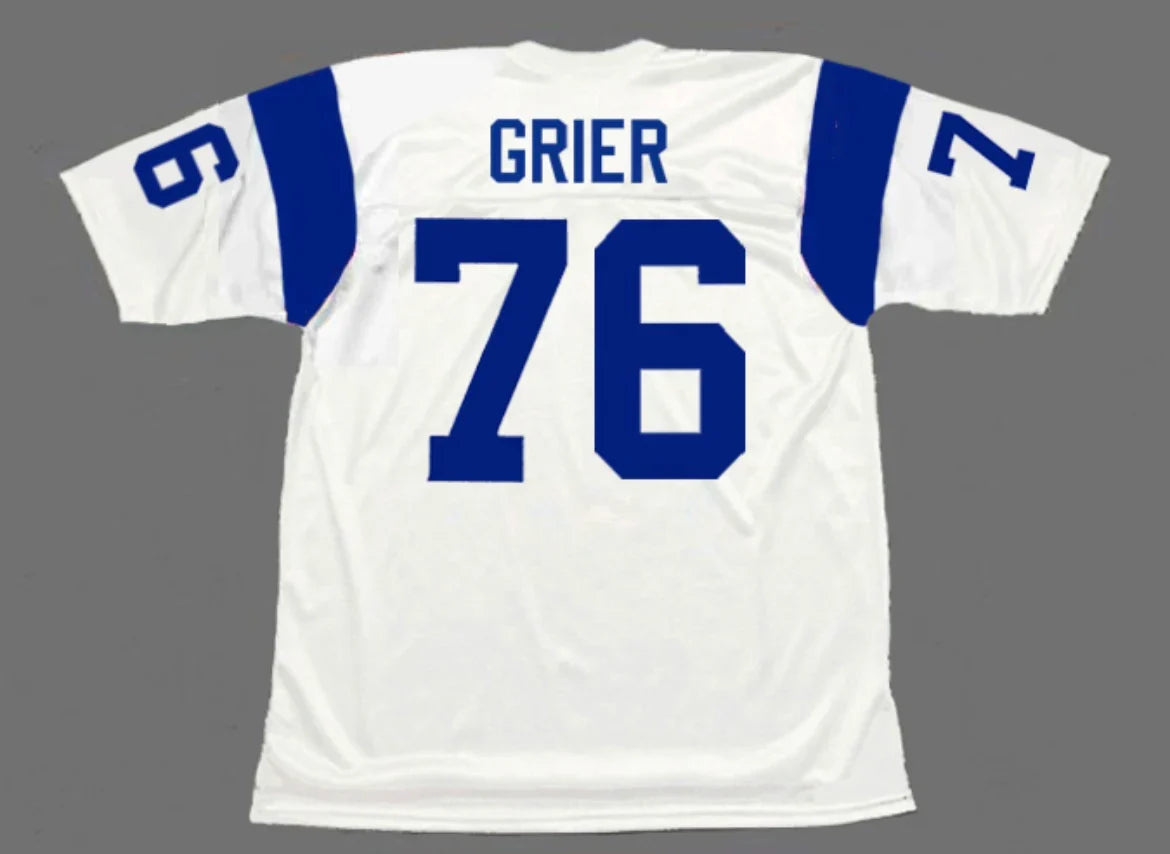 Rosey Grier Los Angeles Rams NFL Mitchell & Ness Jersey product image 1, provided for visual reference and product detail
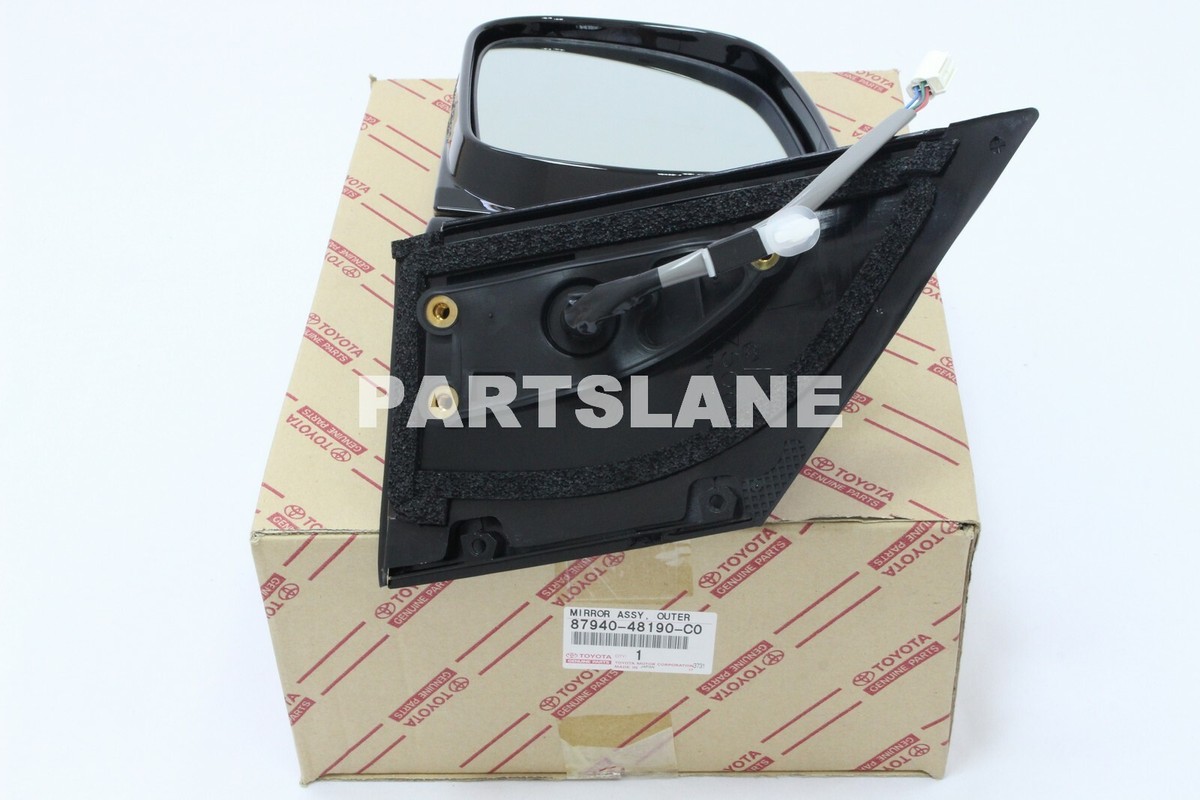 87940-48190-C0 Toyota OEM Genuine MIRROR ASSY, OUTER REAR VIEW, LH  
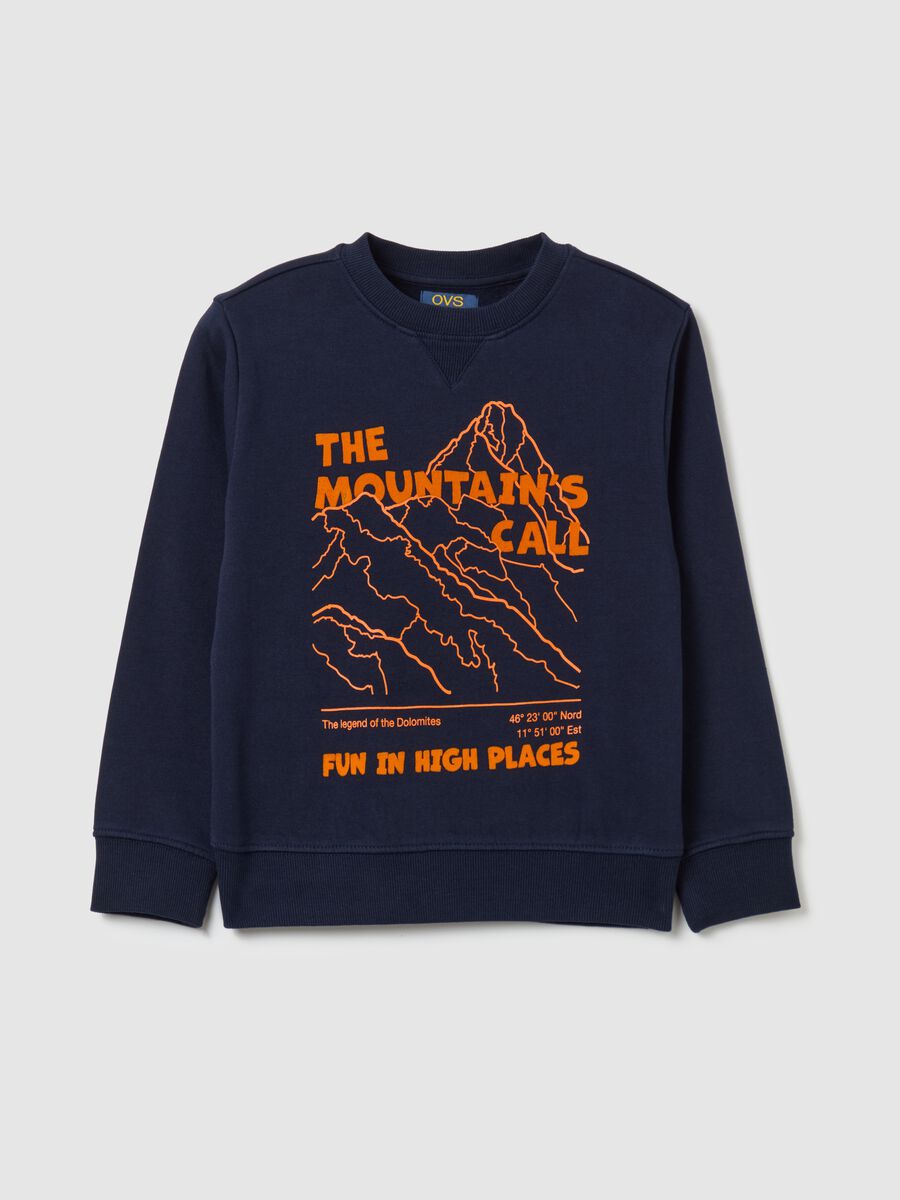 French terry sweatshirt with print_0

___

▶ EXERCISE OBJECTIVE
Give back the full data exactly as it reads, but drop the pictures.

▶ PROBLEM SOLUTION
 Rosey Grier Los Angeles Rams NFL Mitchell & Ness Jersey product image 1, provided for visual reference and product detail
 87940-48190-C0 Toyota OEM Genuine MIRROR ASSY, OUTER REAR VIEW, LH  
 French terry sweatshirt with print_0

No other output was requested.